It was not, as most journalistic organizations are calling it, a “mob” or a “riot.” It was an attempted coup, an insurrection, a mass assassination attempt. Those who perpetrated it were remarkably allowed to exit with their stolen loot and disappear into the night on their own recognizance, and while many have been arrested or are under surveillance, many are remain at large with whereabouts unknown. The President of the United States, having sent his army to the Capitol, did nothing to quell the violence for hours. Reportedly, the president grinned with glee and excitement as he watched the autogolpe unfold. And then that very same evening 147 Republican members of the House of Representatives sustained the President’s same lies that prompted the insurrection from the floor of the House—an act that, had it succeeded as a majority position, would have overturned the will of the voters and the Electoral College, functionally installing Trump as an unelected dictator. Two Republican Senators did the same from the floor of the Senate. All of them did so in a direct affront to their colleagues who were almost murdered in front of their eyes just hours previously.
This all happened less than a month ago.
And now? Forty-five Republican Senators remarkably voted that there shouldn’t even be an impeachment trial at all, under the theory that if a president commits high crimes in the waning days of his presidency he cannot be held accountable under any circumstance. The conservative media wurlitzer is pretending the incident never took place, that it was a minor blip on the political radar, that it was justified or a false flag perpetrated by leftists.
Meanwhile, President Biden has taken office and most of the press has settled into its comfortable role of analyzing stimulus talks, wondering if a few Republican Senators can draw out the negotiations, kvetching over deficits and reconciliation rules as if many of these same legislators hadn’t just been engaged in a coup against democracy just three weeks earlier. None of the insurrectionists has even been charged yet for the injury or murder of a police officer. Congresswoman Boebert has not yet been forced under oath to explain in public why she was tweeting out the Speaker’s location. One of the Congressmembers who supported the president’s assault on democracy just flew to the district of one of his Republican colleagues who had the temerity to hold the former president accountable, staging a rally in her backyard to encourage her removal in the next election. And after a short joke of an impeachment trial in which most Republicans will dutifully acquit the lead instigator of the failed coup, most of the political establishment will send the entire incident down the memory hole, encouraging Americans to “look forward not backward.”
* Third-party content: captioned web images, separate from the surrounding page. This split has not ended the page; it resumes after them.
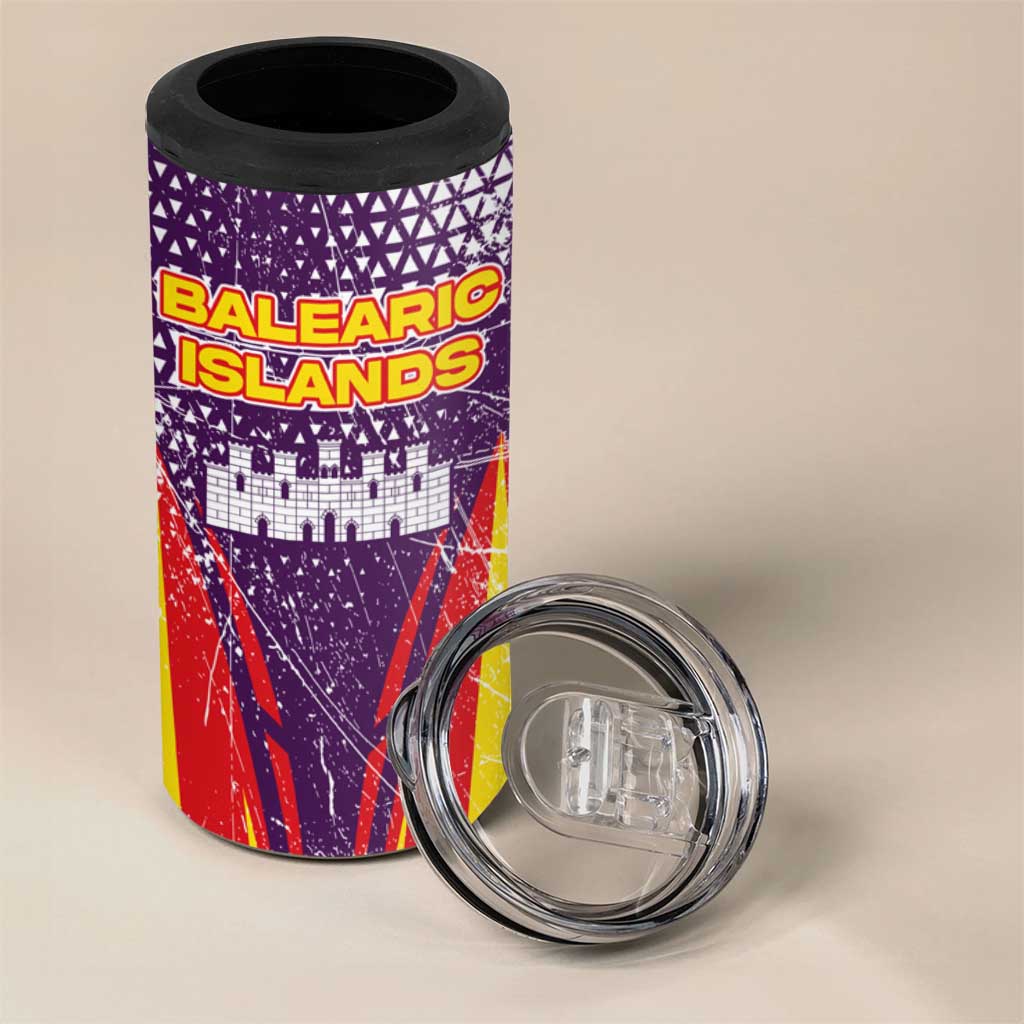 Balearic Islands Flag 4 in 1 Can Cooler Tumbler Autonomous Community of Spain - Wonder Print Shop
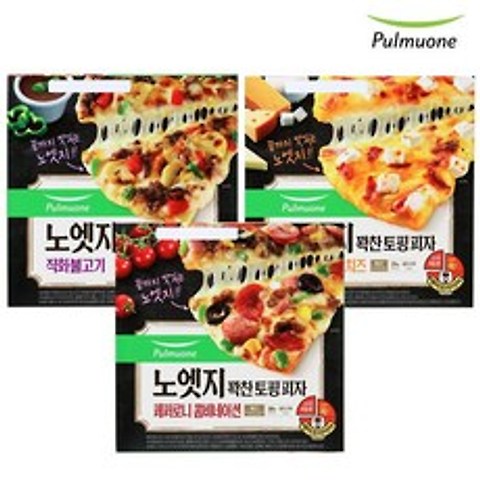 [풀무원]노엣지 꽉찬토핑 피자 3종 3판 (콤비+치즈+불고기), 단품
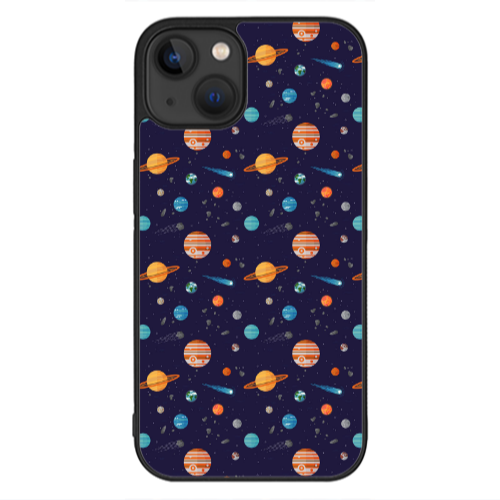 Apple iPhone 13 Mini Planets Black Glossy Θήκη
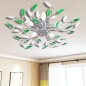 Deckenlampe güne und weiße Blätterranken mit Acryl-Blättern 5x E14 Deckenlampe güne und weiße Blätterranken mit Acryl-Blättern 5x E14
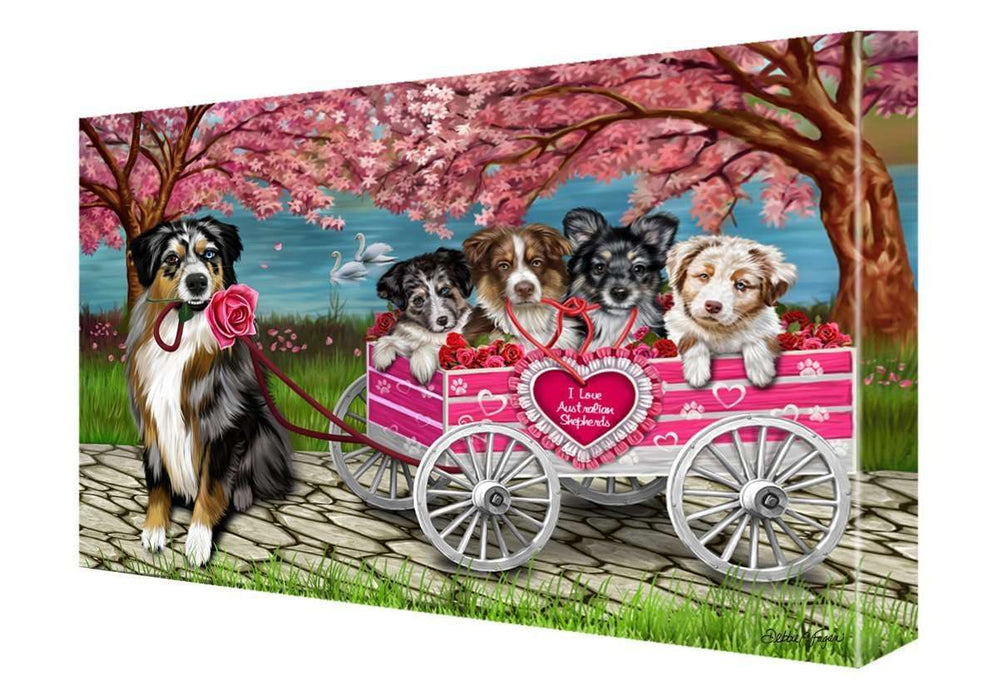 I Love Australian Shepherd Dogs in a Cart Canvas Wall Art Signed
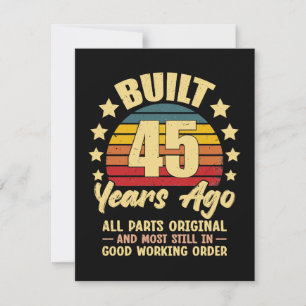 45 Years Ago All Parts Original 45th Birthday Holiday Card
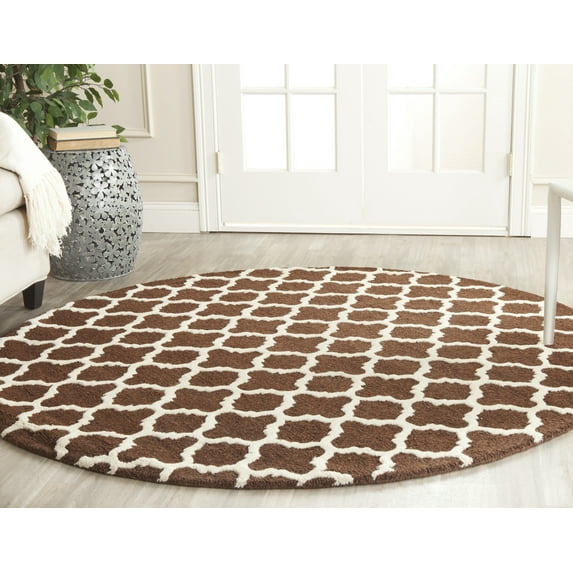 SAFAVIEH Cambridge Leonard Geometric Wool Area Rug, Dark Brown/Ivory, 6' x 6' Round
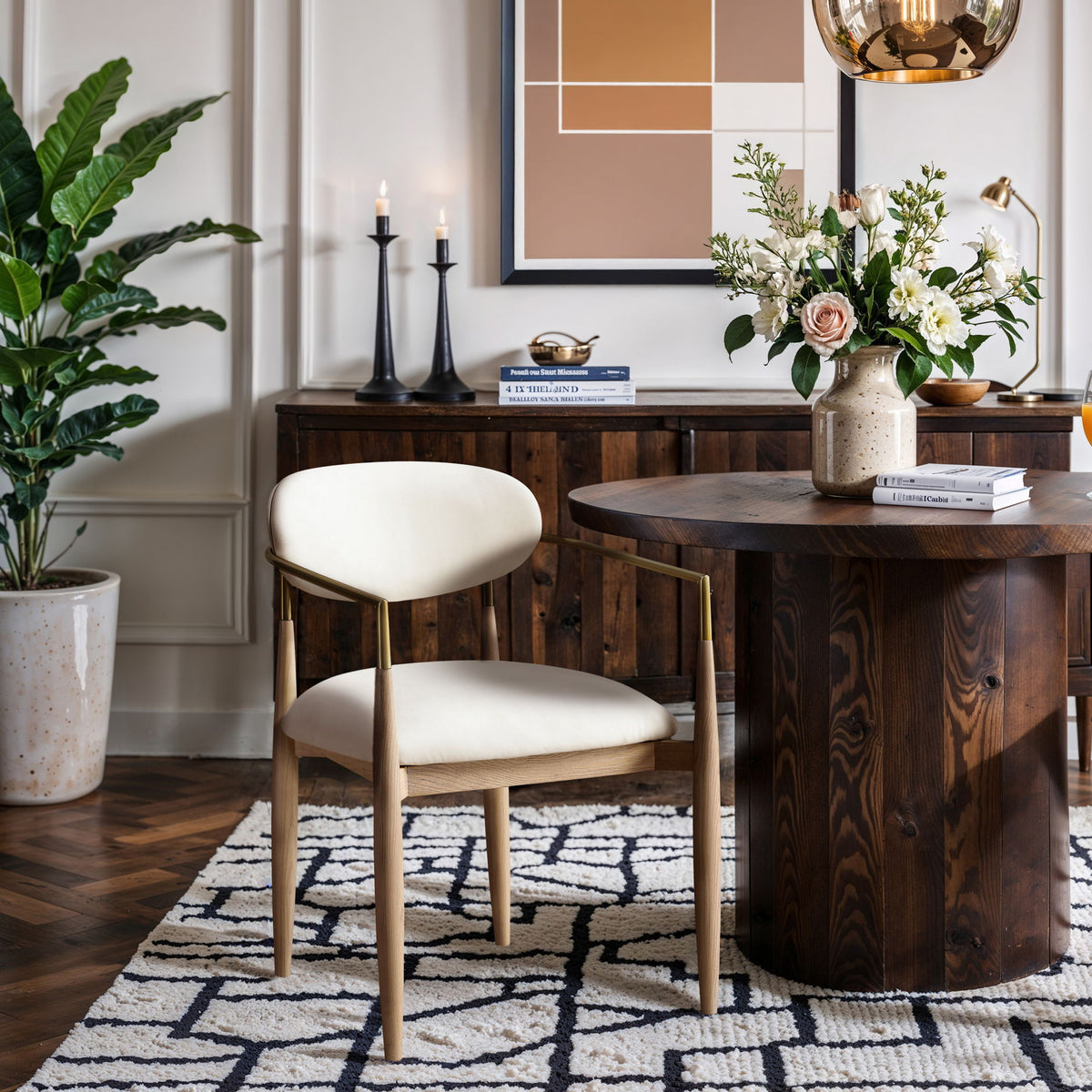 Riccio - Dining Arm Chair (Set of 2) - Natural And Gold Frame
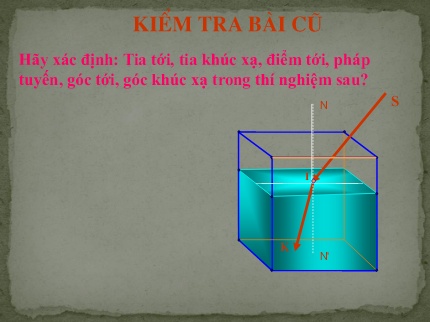 Bài giảng Vật lý 9 - Tiết 45, Bài 41: Quan hệ giữa góc tới và góc khúc xạ
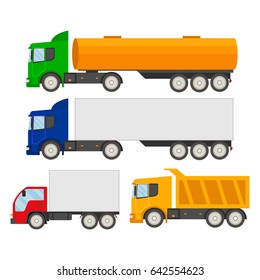 Set of trucks icons.Trucks and trailers on a white background. Delivery and shipping cargo trucks and semi-trucks. Flat style design vector illustration.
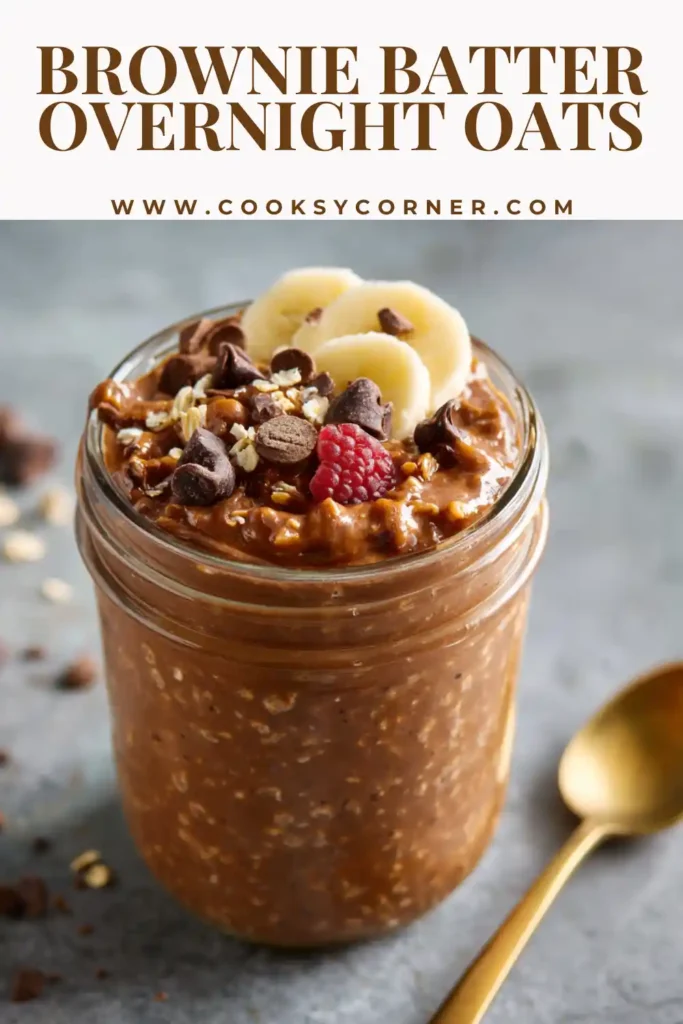 Brownie batter overnight oats topped with chocolate chips, walnuts, and peanut butter in a jar. The oats have a rich chocolate color and creamy texture.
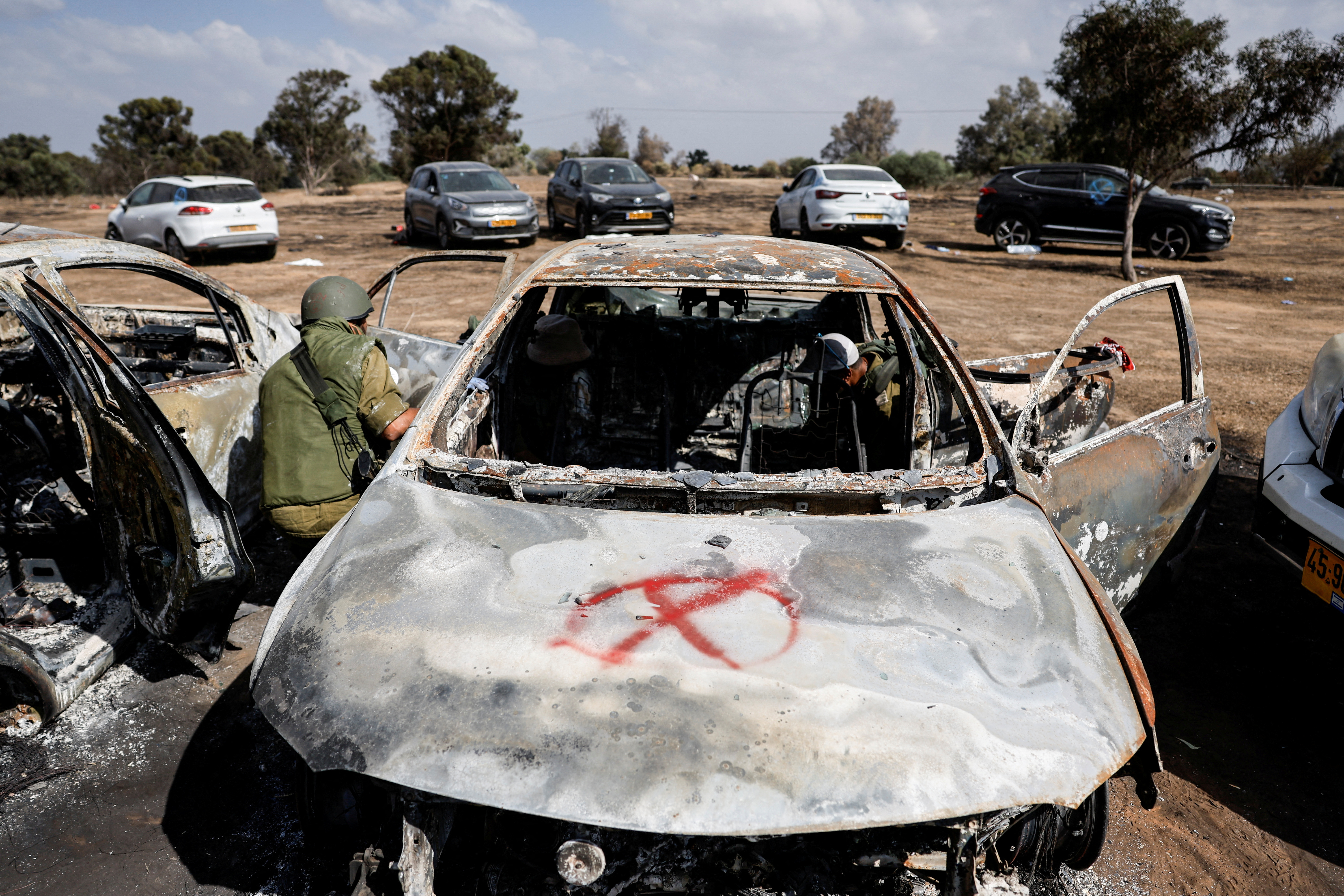 Después de un ataque al Festival Nova por parte de hombres armados de Hamas desde Gaza cerca de la frontera de Israel con la Franja de Gaza, en el sur de Israel.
But we cannot. There was a violent, murderous coup attempt against the United States less than a month ago. None of the pawns have yet been charged with the most serious crimes. None of the most powerful people who truly instigated it have faced any accountability at all. And nothing has structurally changed to prevent it from happening again.
Do not forget, and do not let them try to make you forget. Not until there is justice and accountability.